The Good Girls (Las niñas bien)
Directed by Alejandra Márquez Abella
Starring Ilse Salas, Flavio Medina, Cassandra Ciangherotti
Showing nationally as part of the Spanish Film Festival
What is the connection between economic crisis and crises of individual psychology? This subtle Mexican film is as good a representation of it as you could hope for.
In the 1970s, the Mexican economy boomed by relying on easy access to US dollar loans. A dollar loan was like winning the lottery — effectively a coded expression for easy wealth. For Mexican capitalists this was a dream come true.
They floated in a fantasyland of cheap domestic servants, expensive trinkets and social climbing. Women who married strategically could expect to live like princesses.

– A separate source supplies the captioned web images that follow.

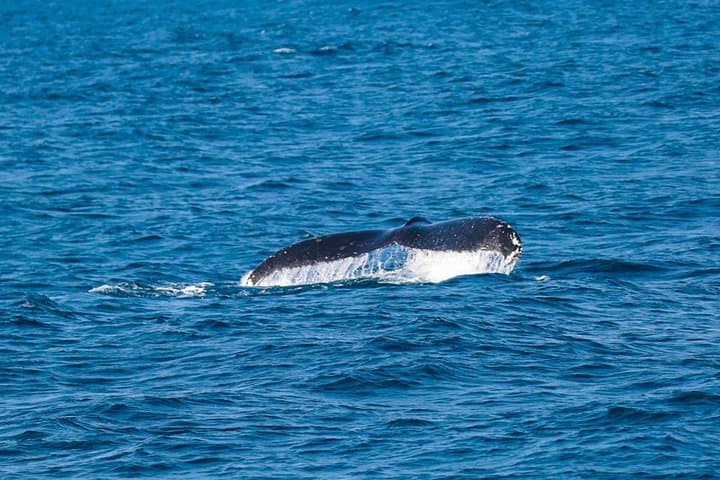 Watamu Humpback Whale Watching — Best Season, What to Expect & Practical Guide photo 2
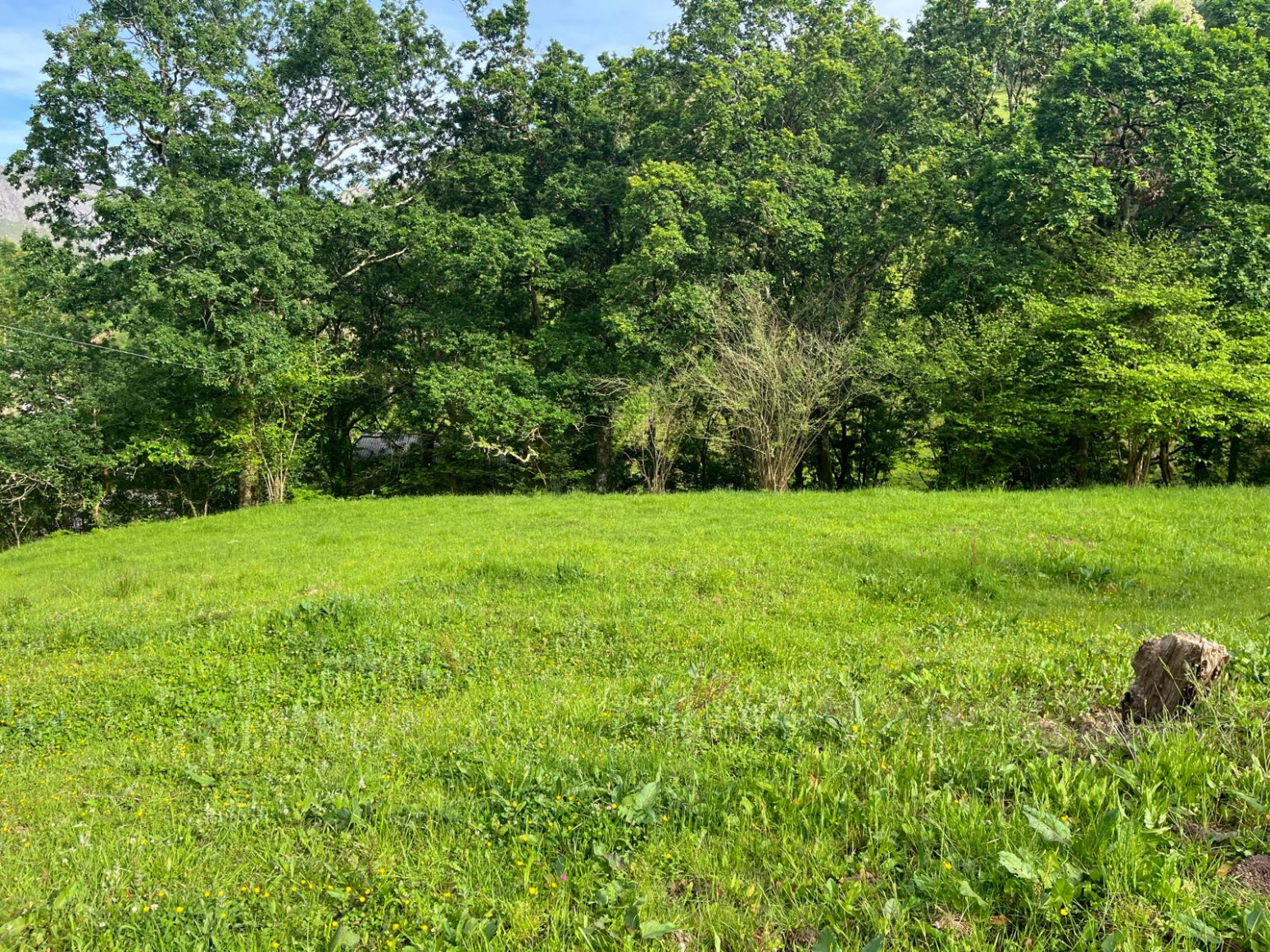 RUBALCABA-LIÉRGANES PARCELA RÚSTICA DE 3800M2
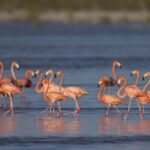 Kék Utazó - Bahamák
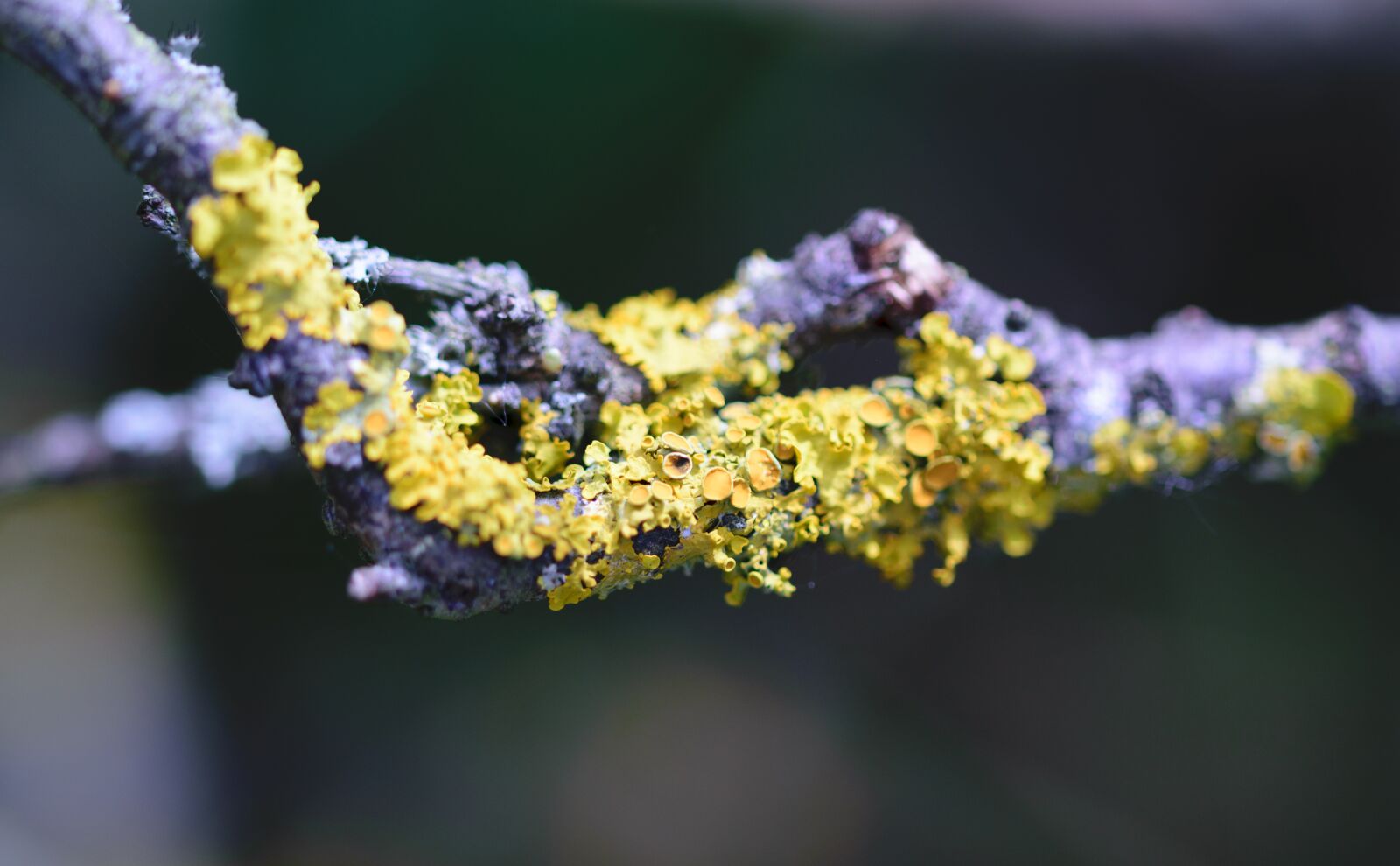 Nikon D5300 sample photo. Closeup, tree, lichen photography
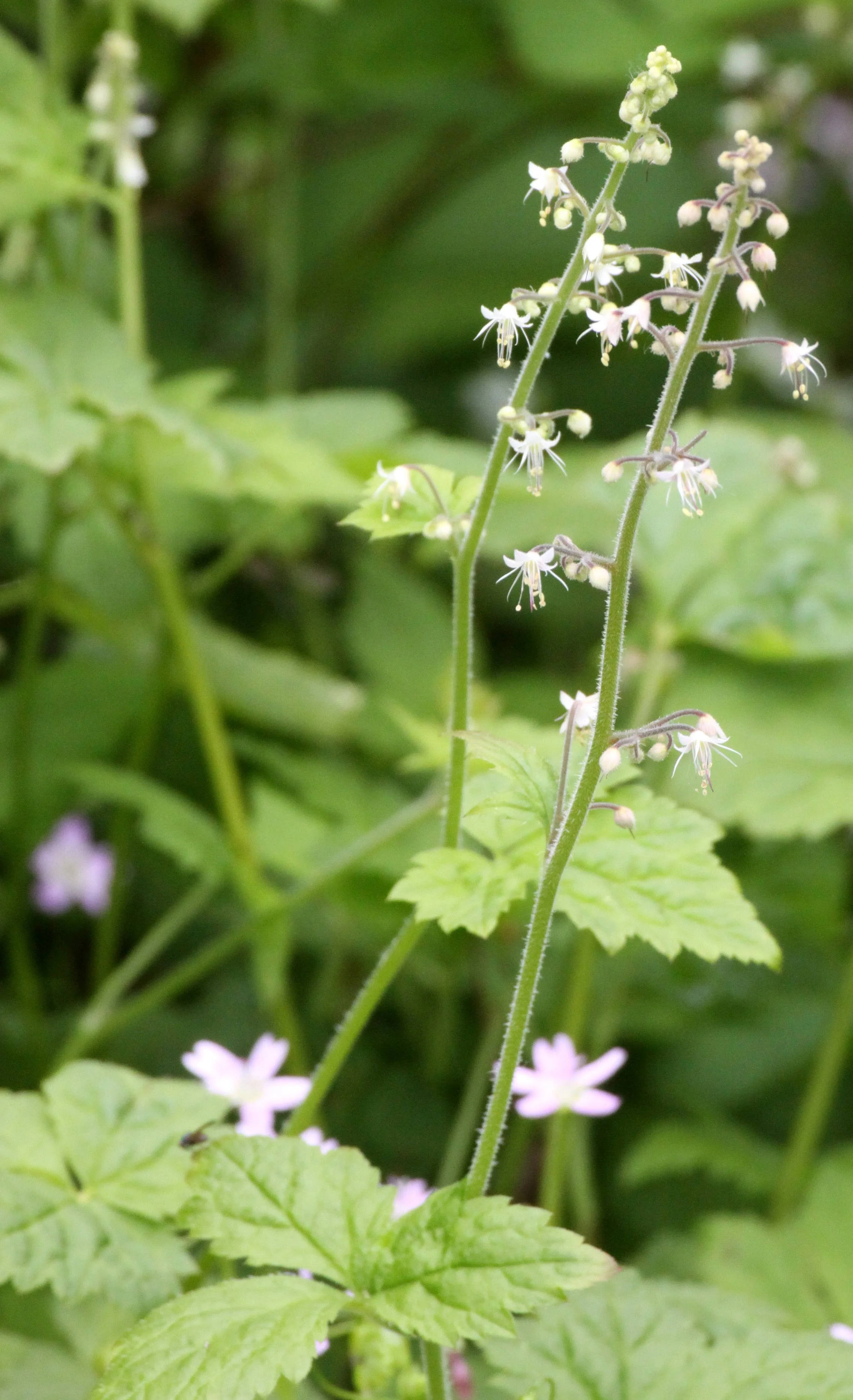 SAXIFRAGACEAE - TREFOILS FOAM FLOWER - THOMPSON SOUND BC (2).JPG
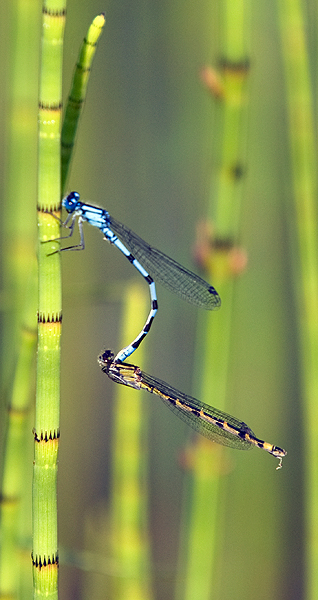 Dragonflies+mating+season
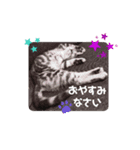 タレ目猫 小春さん（個別スタンプ：6）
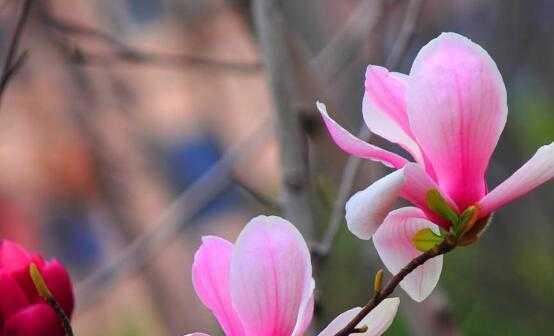 玉兰花语的象征意义——纯洁与高贵（探秘玉兰花的花语）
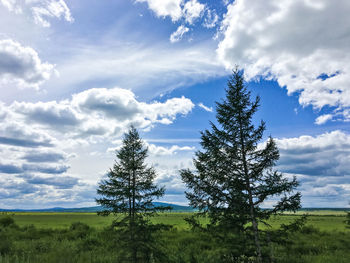 Pine trees on field against sky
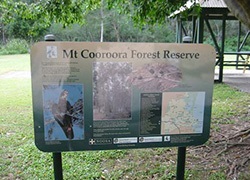 Mt Cooroora Forest Reserve, Mountain Street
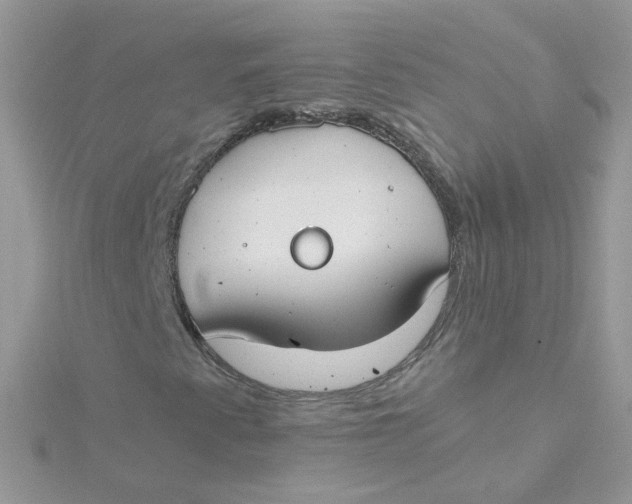 X0000115481345200911271320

But it all came tumbling down thanks to the so-called Volker Shock of 1980, when the US suddenly raised Federal Reserve interest rates. The value of the Mexican peso crashed and with it went the life style of Mexico’s privileged.
This is all depicted through the limited world view of Sophia, whose life is a cream cake of parties and petty gossipy viciousness topped with a thick icing of entitlement. She has lived her entire life coddled by servants and barely knows how to dress herself. She doesn't comprehend or pay attention to TV news reports that portend her future.
The storytelling is communicated by the almost imperceptible flicker of Ilse Salas’ eyes in her impervious face. Expect no florid explosions of histrionics in this movie, we are watching the unravelling of ruling class illusions.
Do the characters achieve an understanding of their humanity or is their inner bestiality all that survives? Wait for the final scene.
Anyone confused by events in today’s Venezuela should see this film. The insane hatred of the remnant oligarchs towards the Bolivarian Revolution is the same.